You’re 17 and looking for your first car so I understand the anxiety you’re going through but that can easily turn to disappointment if you do not use patience.

A long time ago I was 17 and saved enough money from my part time and summer job to go hunting for my first car. It was a 1958 Thunderbird from a university employee where I worked and it was a huge mistake. After one week of ownership my main goal in life was to be rid of that garden slug. Thankfully I was able to move on to something else very quickly.


#6

Be sure to get a qualified mechanic to inspect the car, then ther will be no surprises, like a month later it needs $500 worth of brakes, or ball joints and other stufff.


#7

You could buy a very good small car without AWD and much lower mileage. I agree with the others that this is a poor prospect.

Look for a Hyundai Accent, Kia Rio, or similar car with fewer miles and much newer.


#8

If you bought that vehicle and it gave you many thousands of miles of problem-free driving, then it would be worth it. However the chances you’ll be spending big $$$ on a big repair soon are higher than you want them to be.

When I was 19, I bought a used Dodge van that I had my heart set on buying. Very quickly I began to notice an engine noise. I ended up needing a replacement engine within months.


#9

Not a good idea especially on CList.


#10

A young driver does not need a vehicle that size and with that many miles with that many repairs. Has this young man checked to see how expensive the insurance will be ? After they do that the best mileage vehicle they can find will be the goal.


#11

Gotta agree. Big red flags. Why did the engine and trans need to be replaced? Then with a new engine, why the timing belt and tune up after just a year? Something wrong here.


#12

If you’re pretty firm about that make/model, it seems a fair price. The decision really depends on the current condition of the car. Anytime an engine and transmission are replaced, there’s lots of opportunities for mechanical and electrical problems. I’d prefer the same car with 150 K on the original engine and transmission, presuming it had been properly serviced throughout its life, everything else being equal . But I’m assuming that option isn’t available, there’s no cars like that on the used car market now.

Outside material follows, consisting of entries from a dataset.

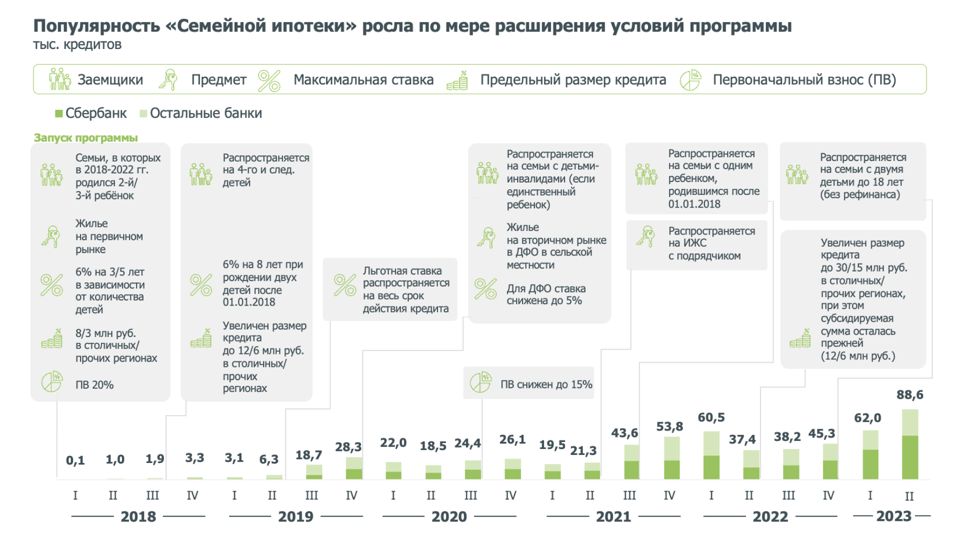 Ипотека с 18 лет в СберБанке: ответы на популярные вопросы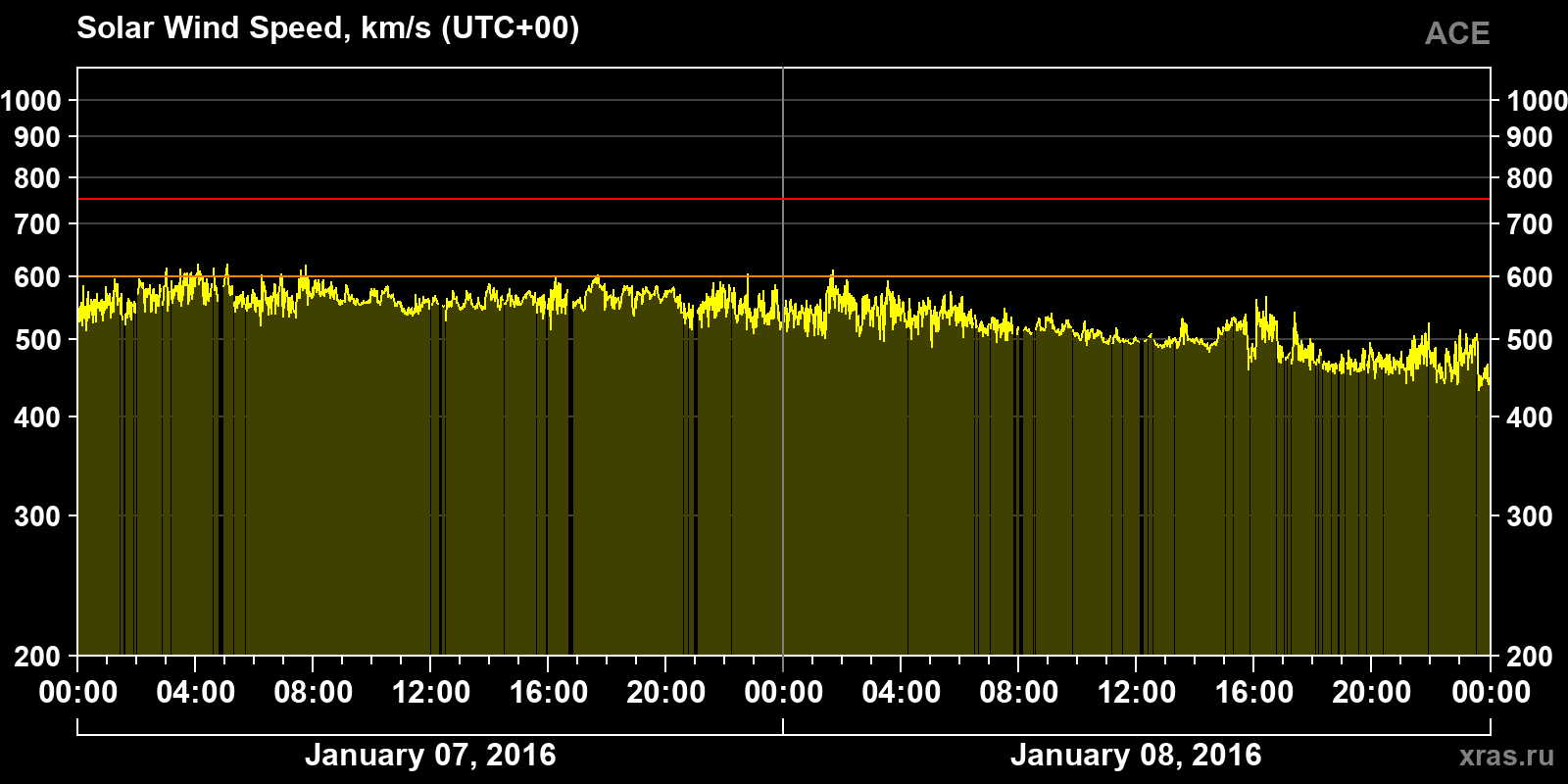 Solar wind speed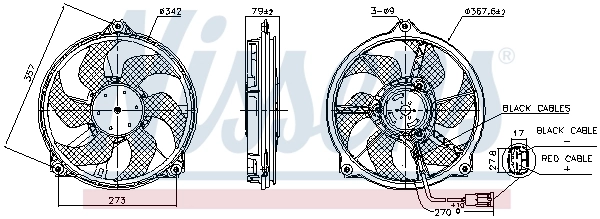 Ventilator radiator racire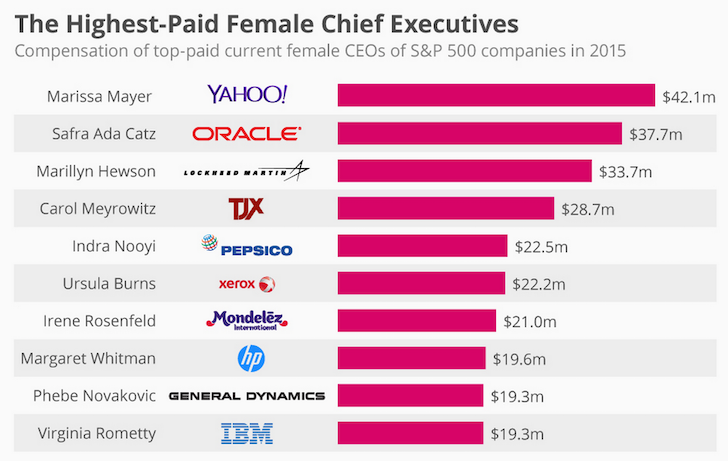 Top Female CEO Compensation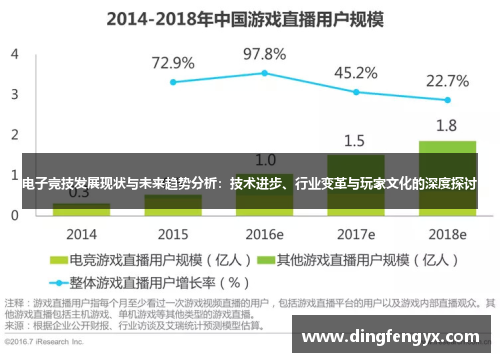 电子竞技发展现状与未来趋势分析：技术进步、行业变革与玩家文化的深度探讨
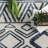 Lucci SpinClean Machine Washable Aztec Area Rug-589339726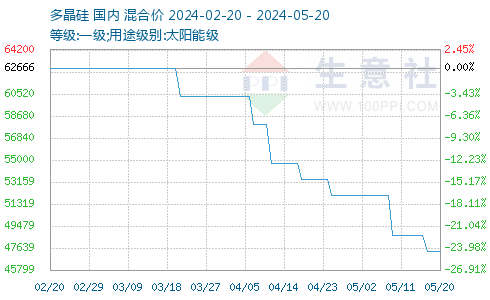 最新多晶硅價(jià)格動態(tài)分析與趨勢預(yù)測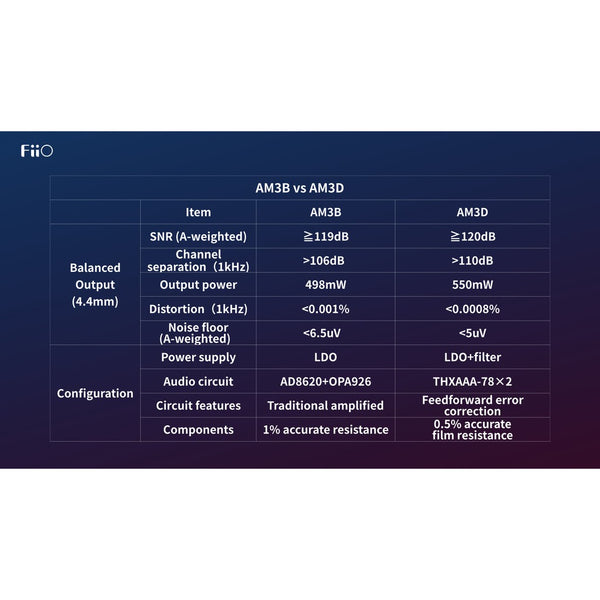 FIIO AM3D, Power Amplifier: THX AAA Amp Module For FIIO X7, X7 II, Q5, Q5S AMP (AM 3D, AM3 D)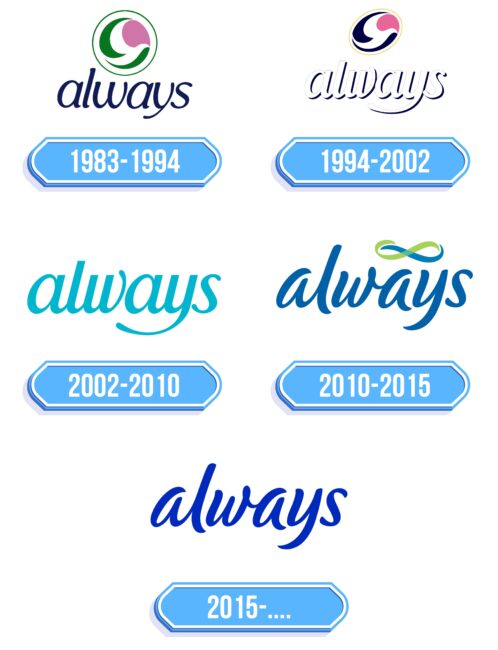 Always Logo Storia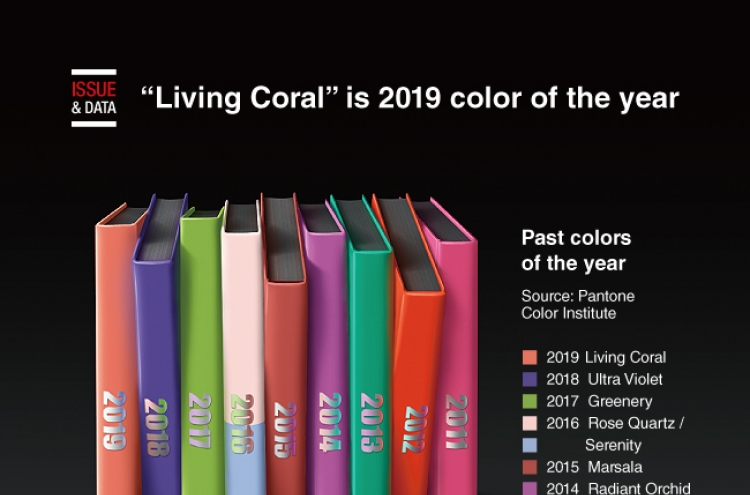 [Graphic News] "Living Coral" is 2019 color of the year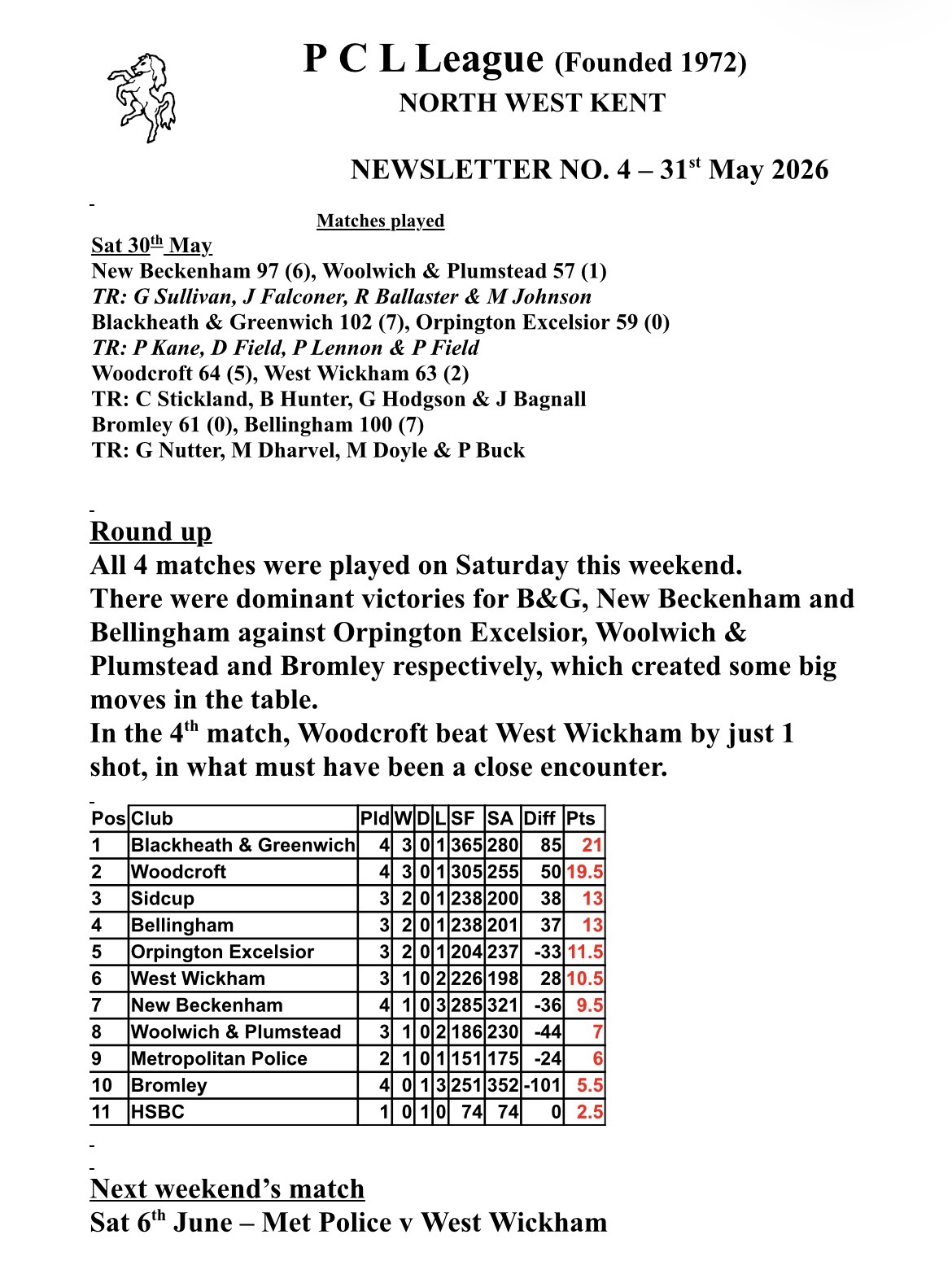 Woolwich and Plumstead Bowling Club Men’s PCL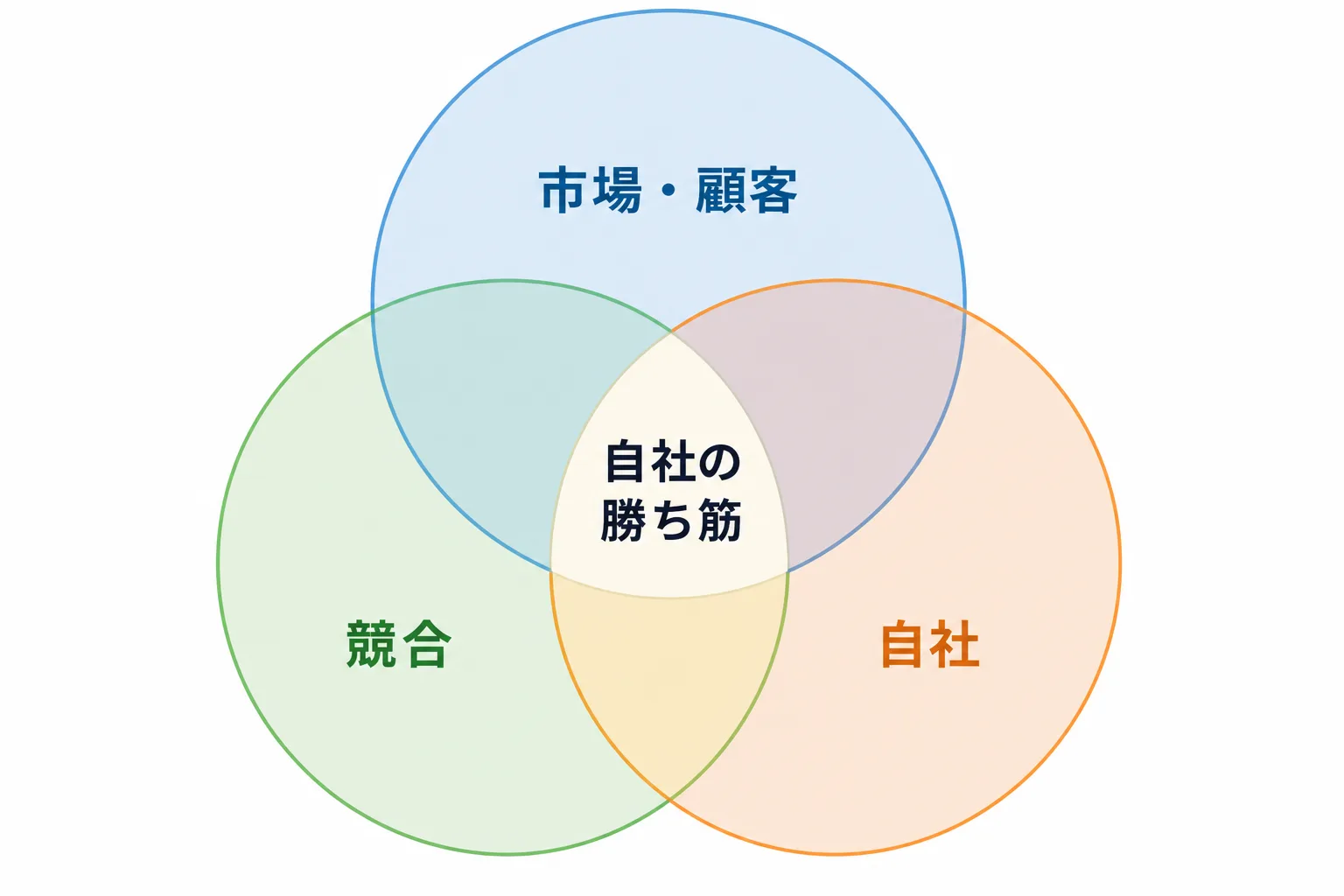 Customer・Competitor・Companyの3つの円が重なり合い、中心に自社の勝ち筋を示す3C分析の関係図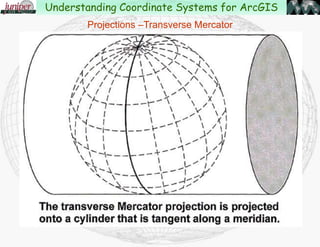 Projections – ”Developing” a Cylindrical Projection
Understanding Coordinate Systems for ArcGIS
 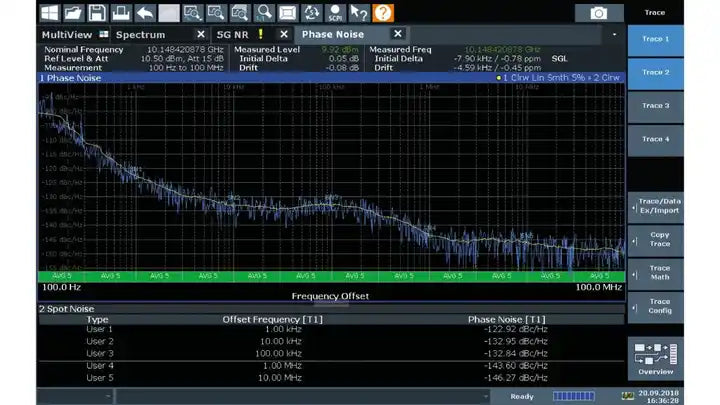 R&S FSW Signal and spectrum analyzer Setting standards in innovation and usability Price negotiable - XG eqpt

The manufacturer has all sorts of jigs and test equipment at the manufacturing site to verify all parts inside the engine are precisely dimensioned and aligned, all the bearing clearances are prefect. In other words when a car comes off the manufacturing line it’s a pretty good chance all the functions are working correctly. But when the same thing is done at a shop, well, maybe it is ok, maybe not. Try to look at this from a scientific point of view if you can. Compare this car to all the others that are available that meet you needs.

Then if you still think it makes sense, hire a good mechanic to spend a few hours looking it over, taking it for a drive, and doings a few tests, hooking up a scan tool to the obd II connector to make sure all the readiness monitors are complete and no stored diagnostic codes, a compression test, and cooling system pressure test. This all might cost you $200 -$300 or so. If the mechanic’s results come back ok, then you have something to go on to make your final decision.

One bit of advice: If one of your objectives is to entice women to go out on dates with you, and you have budget issues, you’ll get better results taking them to a higher priced restaurant in a clean, but less expensive car.